Desteklemiş olduğumuz, Özgür Suriye Ordusu (ÖSO) ve muhalif güçlerin mücadelesiyle oluşturulmak istenen terör koridoru büyük bir yara almış oldu.
Tel Rıfat’ın, rejim askerleri ve PKK/YPG den alınmış olması bugüne kadar Suriye’de verilen mücadelenin en önemli adımı olduğunu söyleyebiliriz.
Bu sürecin bir tuzak olduğu ihtimali üzerinde durup her zamankinden daha temkinli davranan Türkiye yoğun diplomasi çalışması yürüterek hem masada hem sahada istediği sonucu alarak amacına ulaşmış oldu.
Hem, yanı başımızda kurulmak istenen teröristan hayallerine büyük bir darbe vurmayı başardık.
Hem de, büyük bir bölümü Halep’ten göç eden mültecilerin ülkelerine geri dönüş yolunun açılmış olmasının önünü açtık.
Şimdi burada Rusya’ya büyük bir iş düşmektedir diye düşünüyorum.
Bu saatten sonra Putin muhalefet ile diyalog kurma zorundadır.
Eğer bu yolu seçerse Suriye’deki varlığını koruyabilir.
Yok eğer PKK/YPG ile ortak hareket etme yolunu seçerse kendini yalnızlığa iterek kısa bir süre sonra tasını tarağını toplayıp geri dönmek zorunda kalacaktır.
Fakat benim bu konudaki öngörüm
Gerek, Erdoğan-Putin görüşmesi, gerekse Fidan-Lavrov görüşmesi ile Rusya’nın Türkiye ile ortak hareket etme olasılığının güçlenmesi yönünde.
Aksi takdirde bölgedeki bütün gücünü kaybetmiş bir Rusya görmeye başlayacağız hep beraber.
ABD ve İsrail’e gelince…
Bunlar zaten PKK/YPG ve PYD terör örgütünü destekleyerek buraların kendi yönetiminde bir terör devleti olması için mücadele veriyorlar.
İran desen bizim için hiç bir hayırlı adım atmadığı gibi hep aleyhimize çalışmış.
Şimdi bizim ne yapmamız bekleniyor…
ABD, RUSYA, İRAN ve İSRAİL’in burnumuzun dibinde oyun kurduğu bir ülkede biz eli kolu bağlı oturup izleyecek miyiz, yoksa kendi milli güvenliğimiz için sahada biz de aktif olarak var olmalıyız mı?

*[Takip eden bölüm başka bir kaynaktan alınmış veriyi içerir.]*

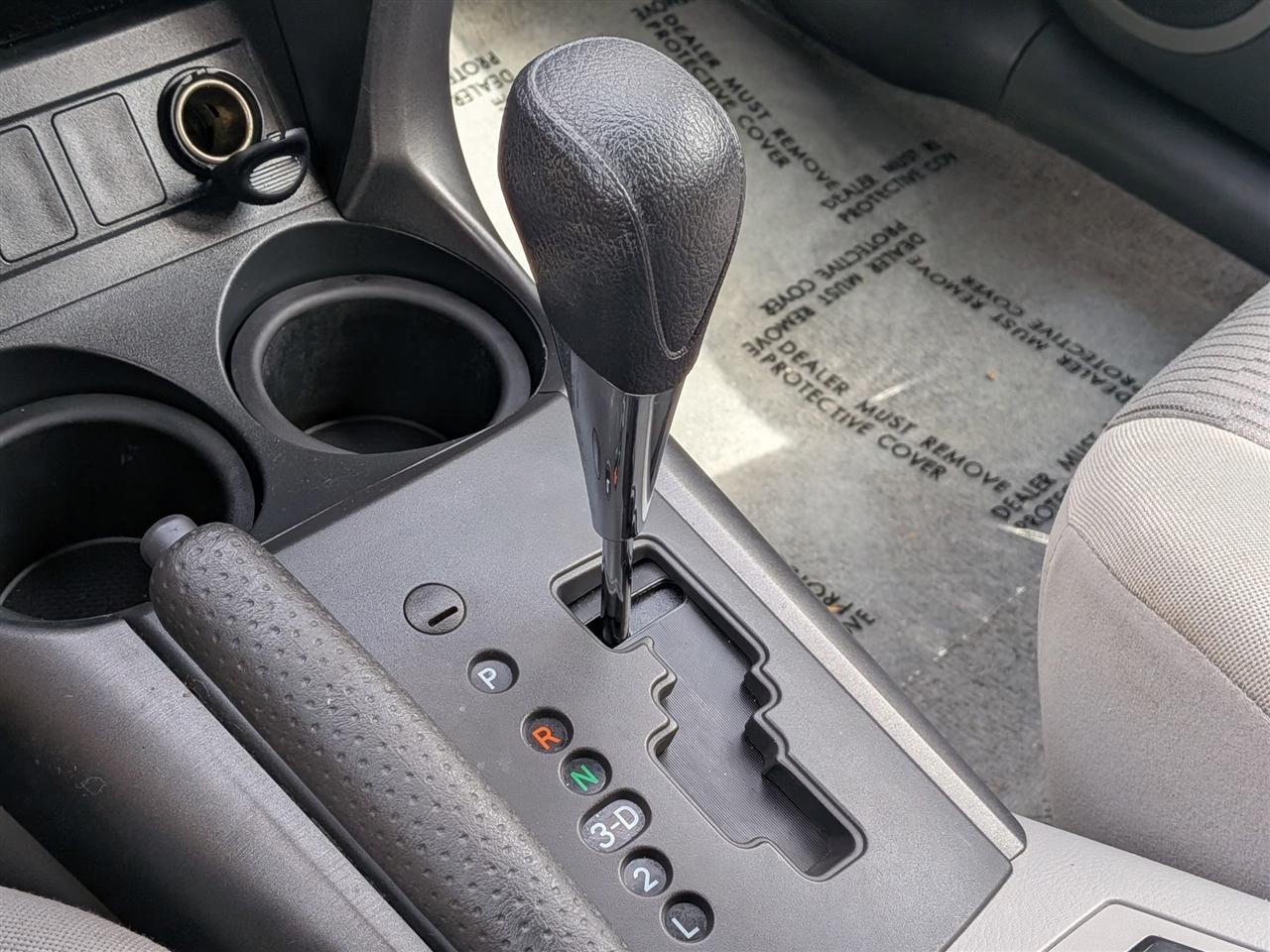 Toyota RAV4 Base I4 4WD 2011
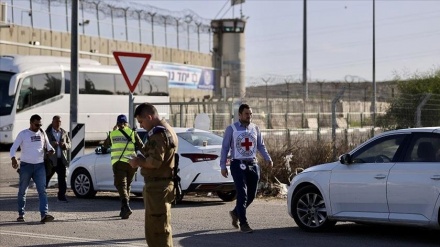 اسرائیلی قیدیوں نے حماس کے تعریف کے پل باندھ دیئے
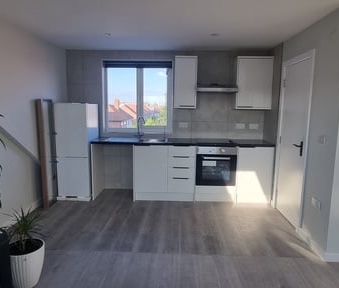 Studio Flat, Wellington Road South, TW4 - Photo 2
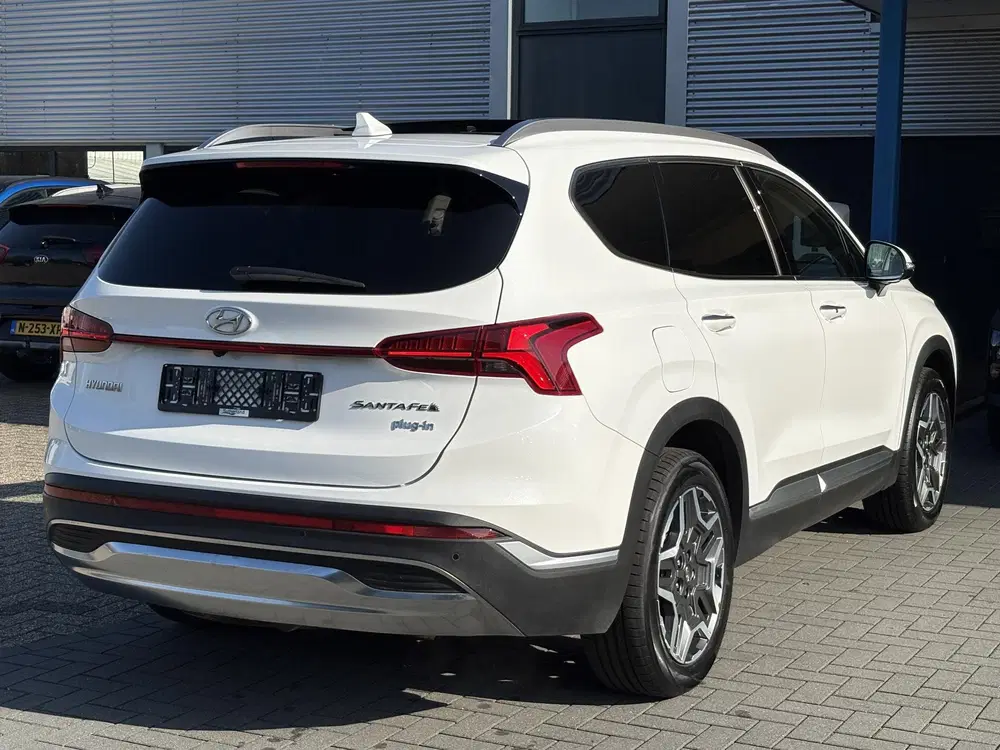 Hyundai SANTA FE 1.6 T-GDI PHEV Premium Sky 7p. uit 2023, foto 10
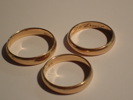 3st ringar  18k  vikt:10,5gr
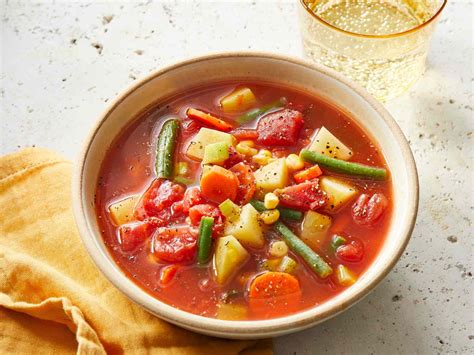 20 Dump Soups To Get You Through Winter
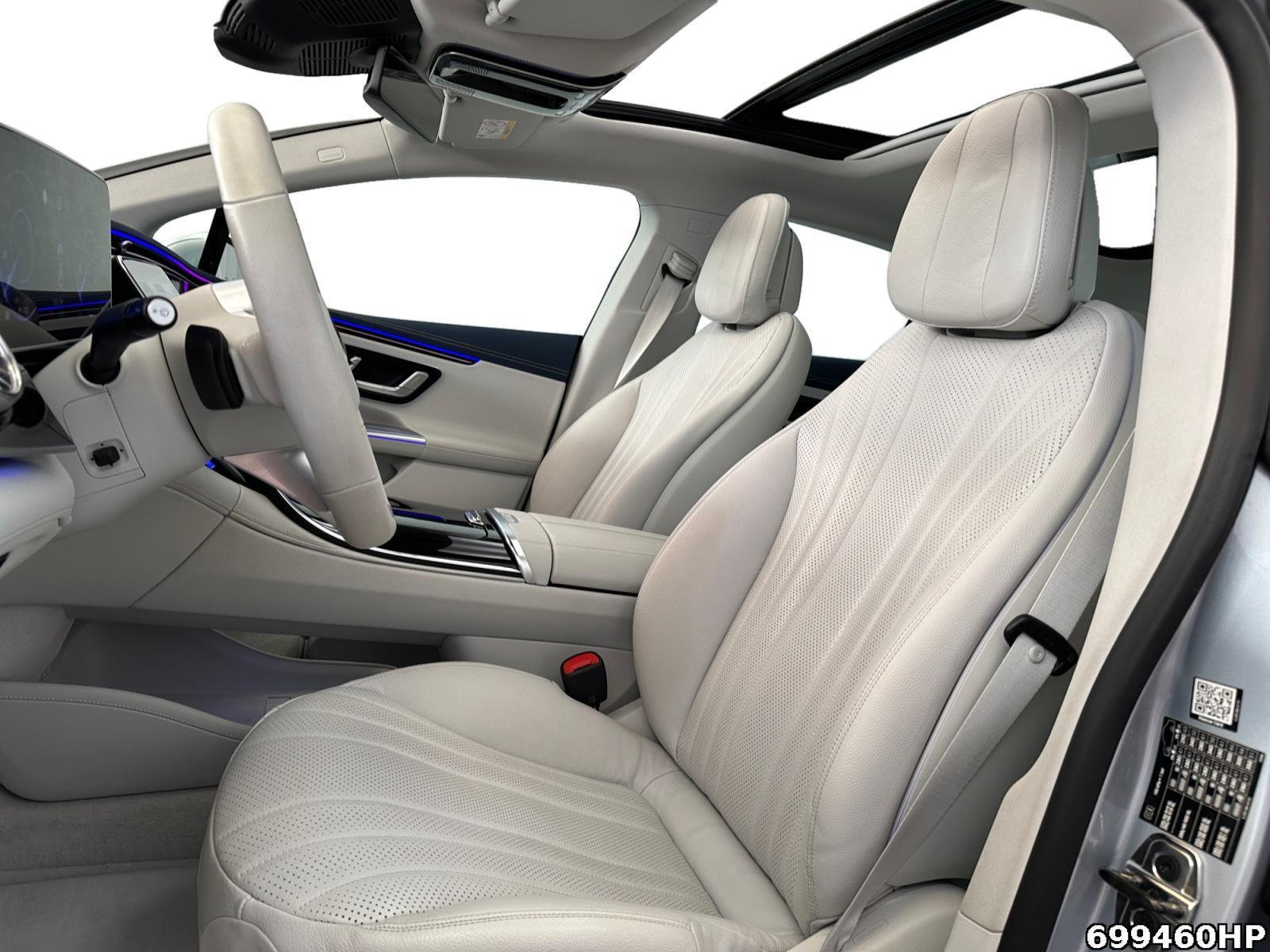 Fahrzeugabbildung Mercedes-Benz EQE 4M Electric Art AIRMATIC DIGITAL LIGHT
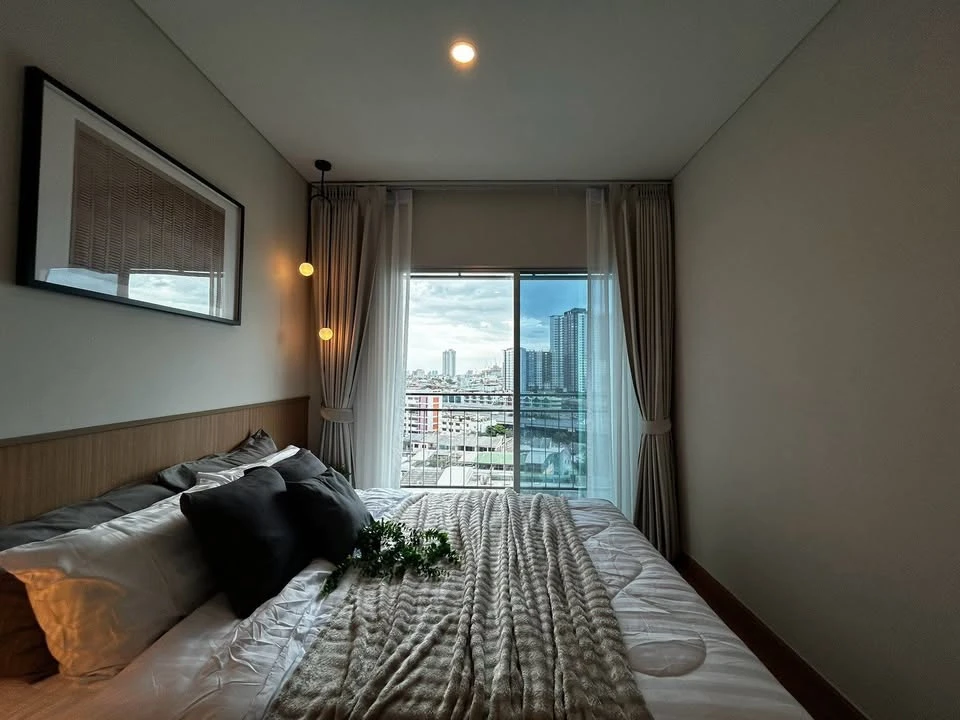 For Sale: Lumpini Place Ratchada-Sathu. Beautifully decorated throughout; comes fully furnished and equipped with all appliances. Book now before you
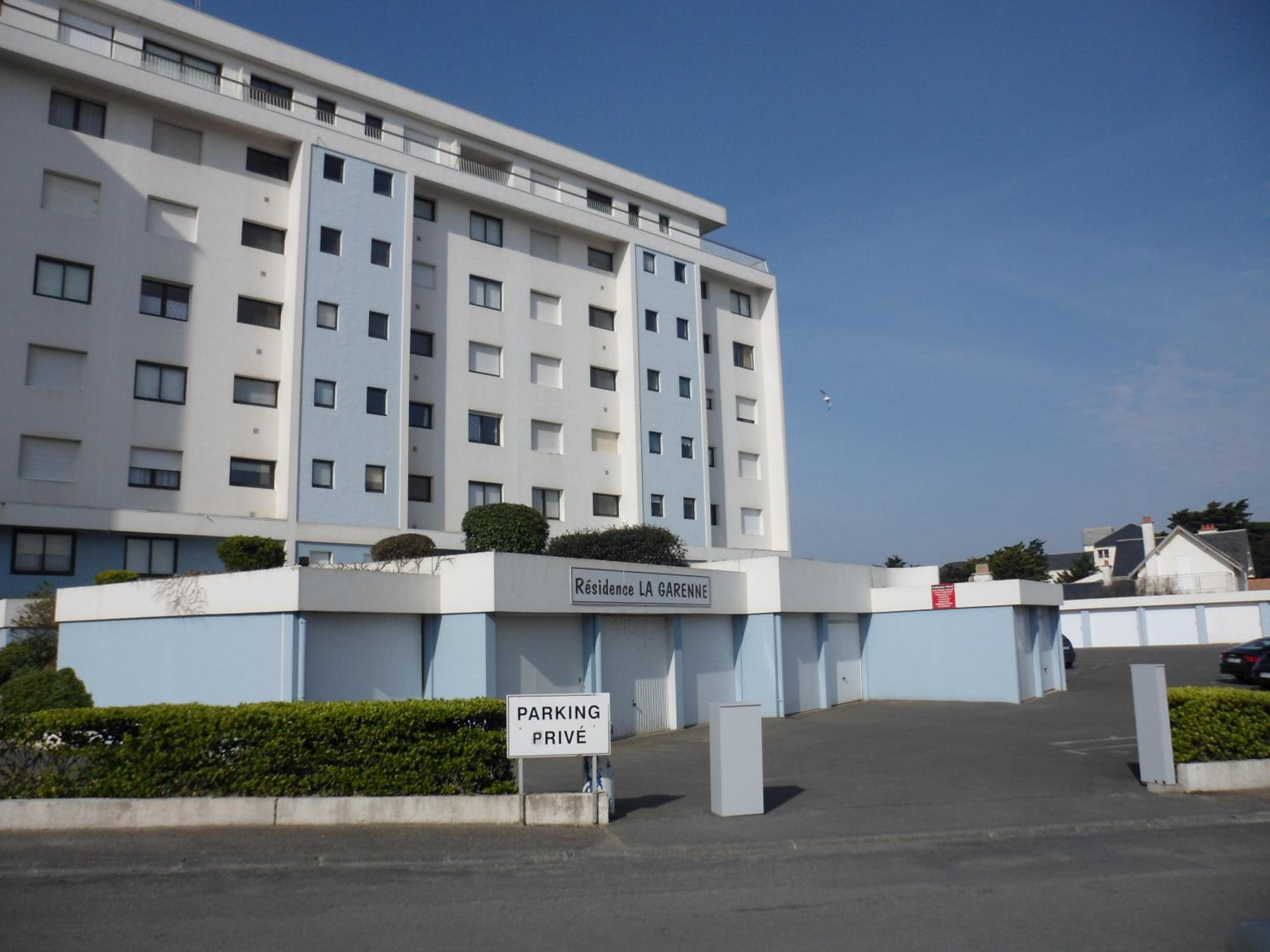Résidence La Garenne à La Grande Plage, vue mer, piscine et parking privé, 6 personnes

Bizim amacımız belli, kimsenin bir karış toprağında gözümüz yok, sadece kendi güvenliğimiz için yanı başımızda bize karşı tehdit oluşturan tüm unsurlarla mücadele etmek tek gayemizdir.
Karşımızda kim veya kimler olursa olsun…
Yıllardır kendi bekamız için verdiğimiz mücadeleyi yine kararlılıkla devam ettirmekten başka çaremiz yok.